Try it.
What is printed must match, line for line, the records from their first line through the line containing "Kids Naruto Hoodie", with pictures left out.
|---|
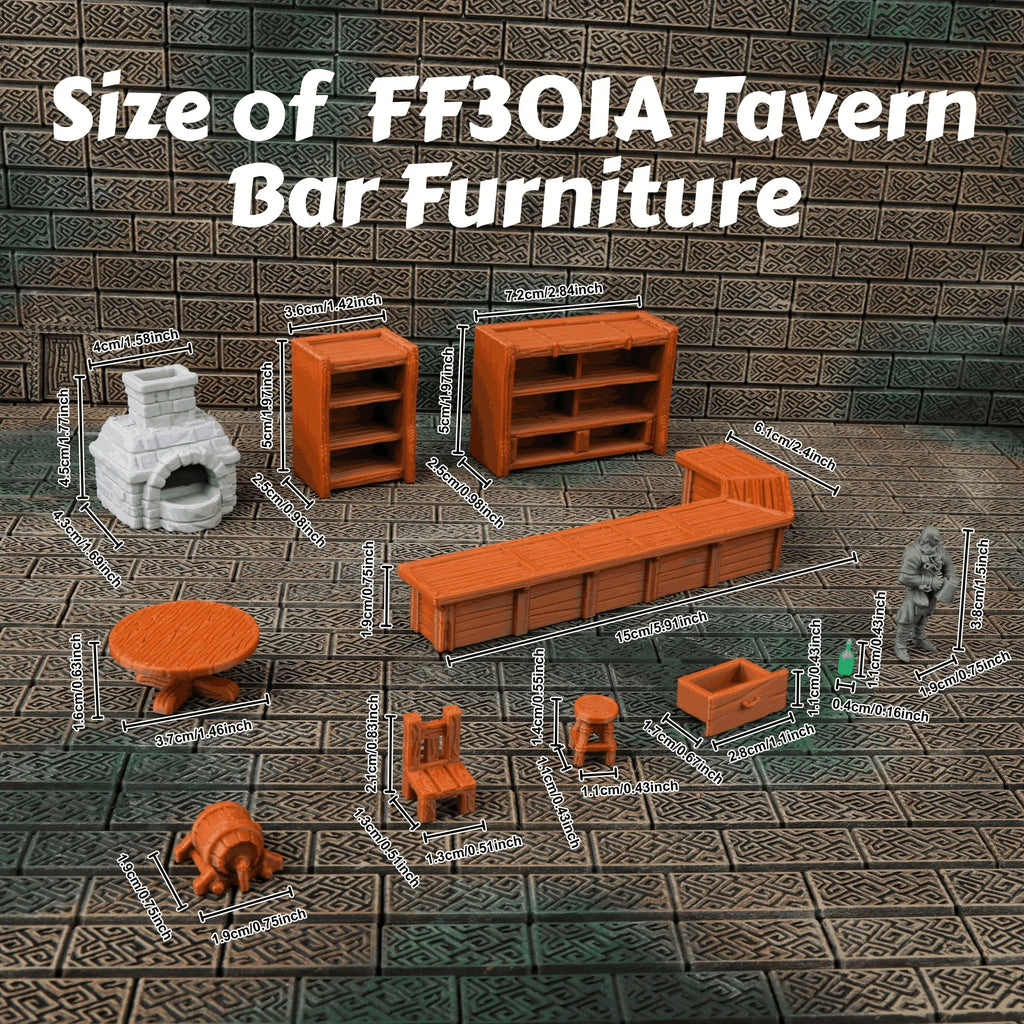 28mm TRPG Tavern Bar Furniture Miniature Terrain Set, Tabletop RPG Scenery Terrain for Fantasy RPG Game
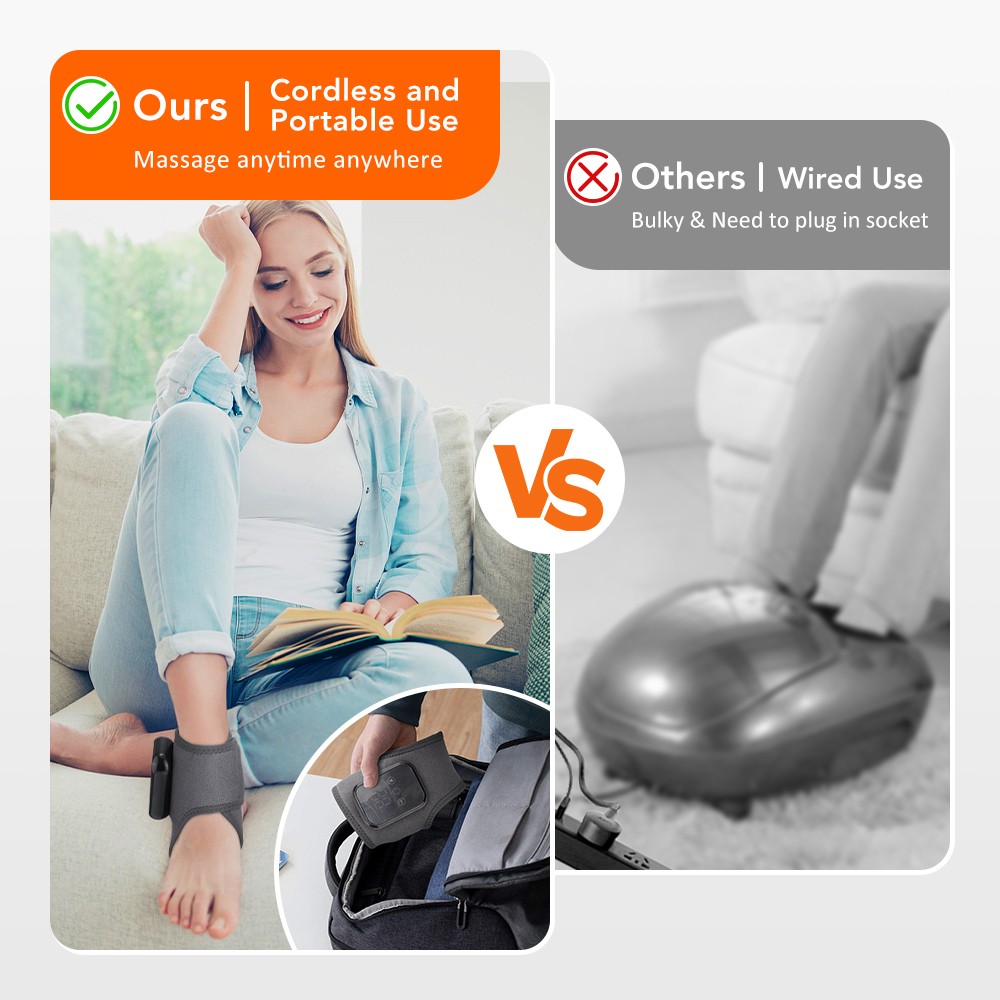 Electric Foot & Hand Massager with Vibration Heat Therapy for Ankle & Knee Joint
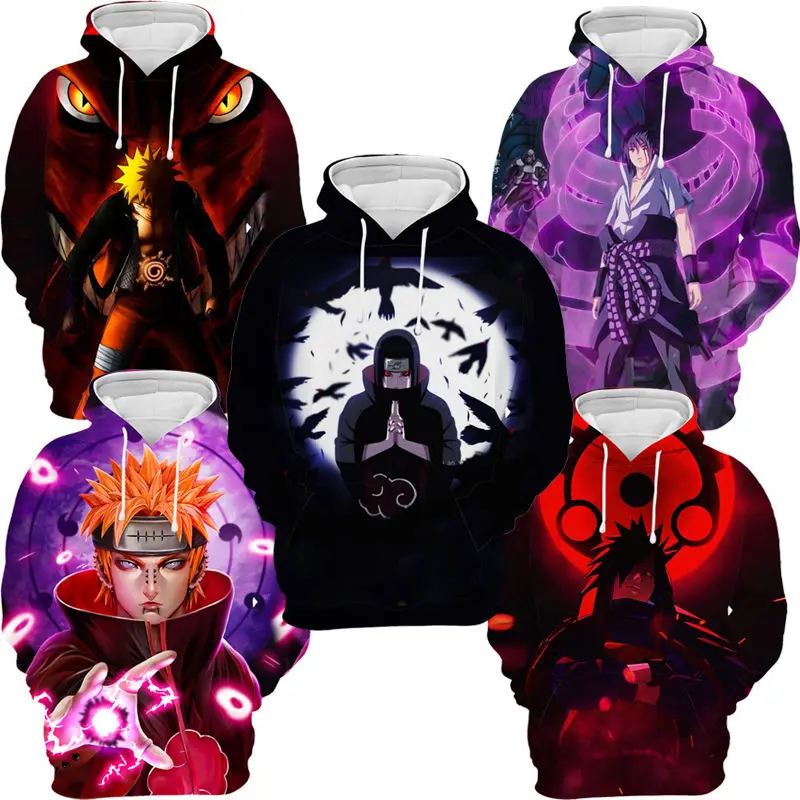 

Kids Naruto Hoodie Kakashi Print Hatake Sasuke 3D Hooded Pullover Cosplay Harajuku Casual Tracksuit Cool Autumn Hoody Tops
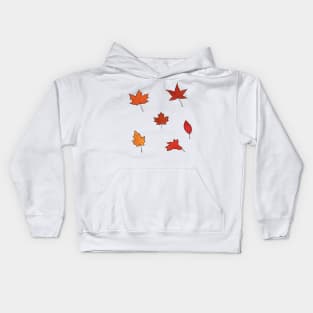 Fall Leaves Watercolor Kids Hoodie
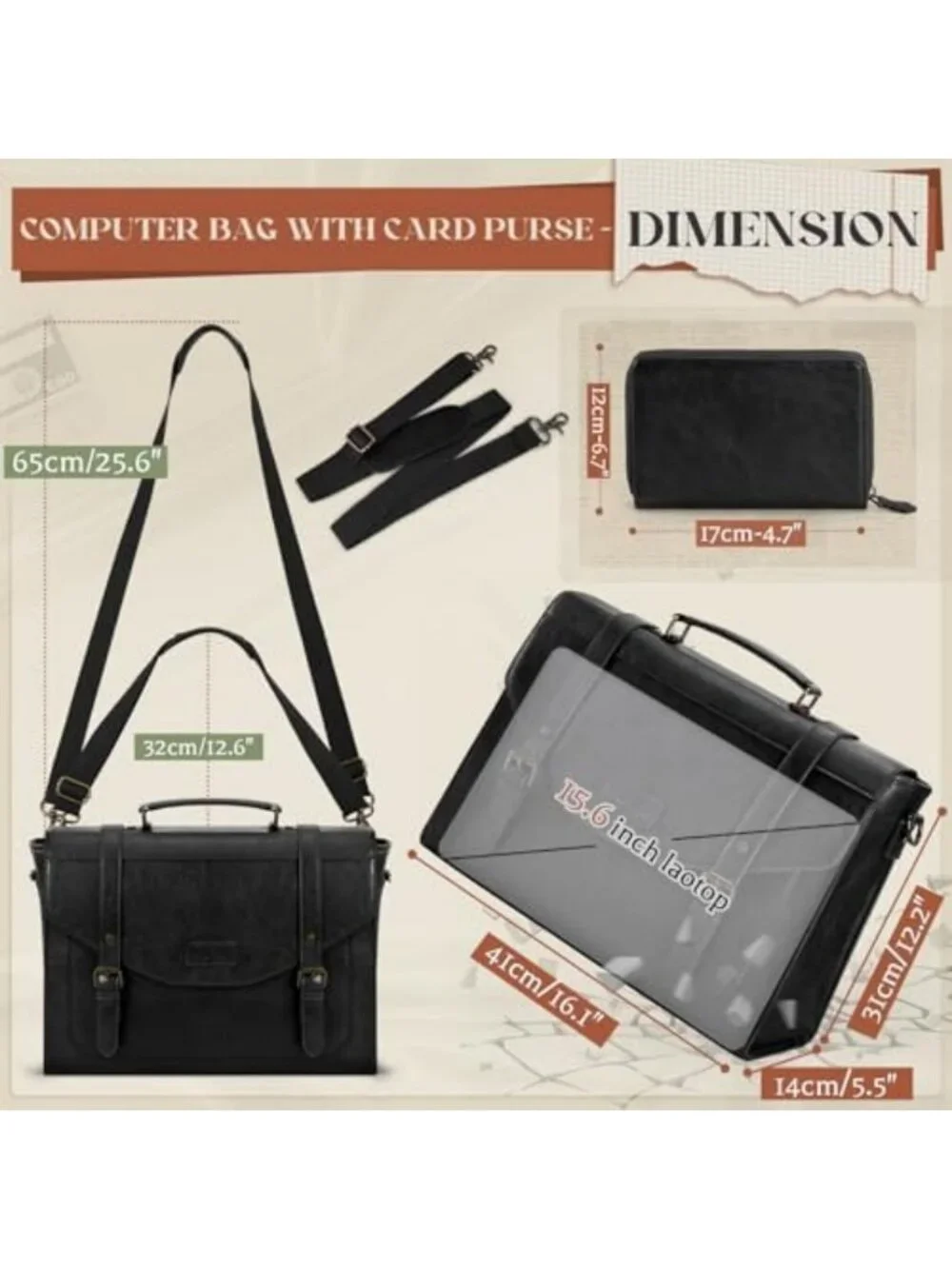 Vintage PU Leather Messenger Bag for Men, 15.6
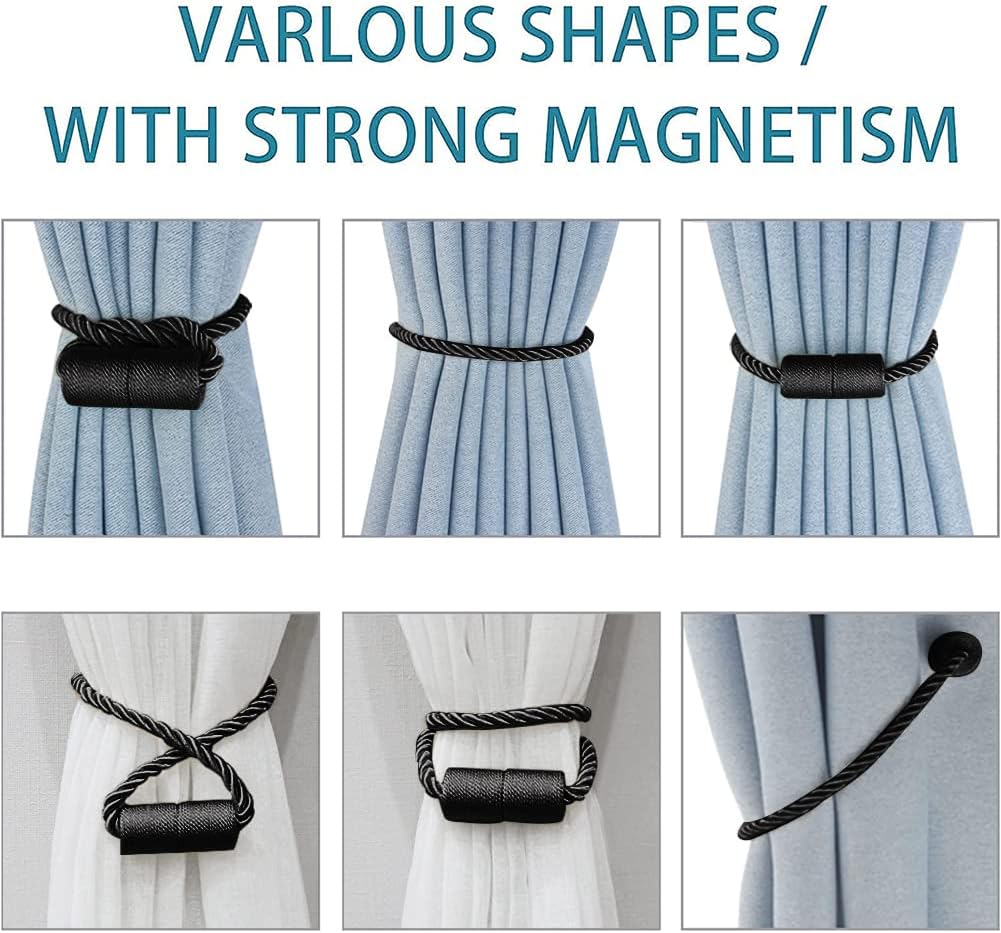 4 Pack Magnetic Curtain Tiebacks Modern Decorative Holdbacks - Black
|---|
Solution to this exercise.
 28mm TRPG Tavern Bar Furniture Miniature Terrain Set, Tabletop RPG Scenery Terrain for Fantasy RPG Game
 Electric Foot & Hand Massager with Vibration Heat Therapy for Ankle & Knee Joint

Kids Naruto Hoodie Kakashi Print Hatake Sasuke 3D Hooded Pullover Cosplay Harajuku Casual Tracksuit Cool Autumn Hoody Tops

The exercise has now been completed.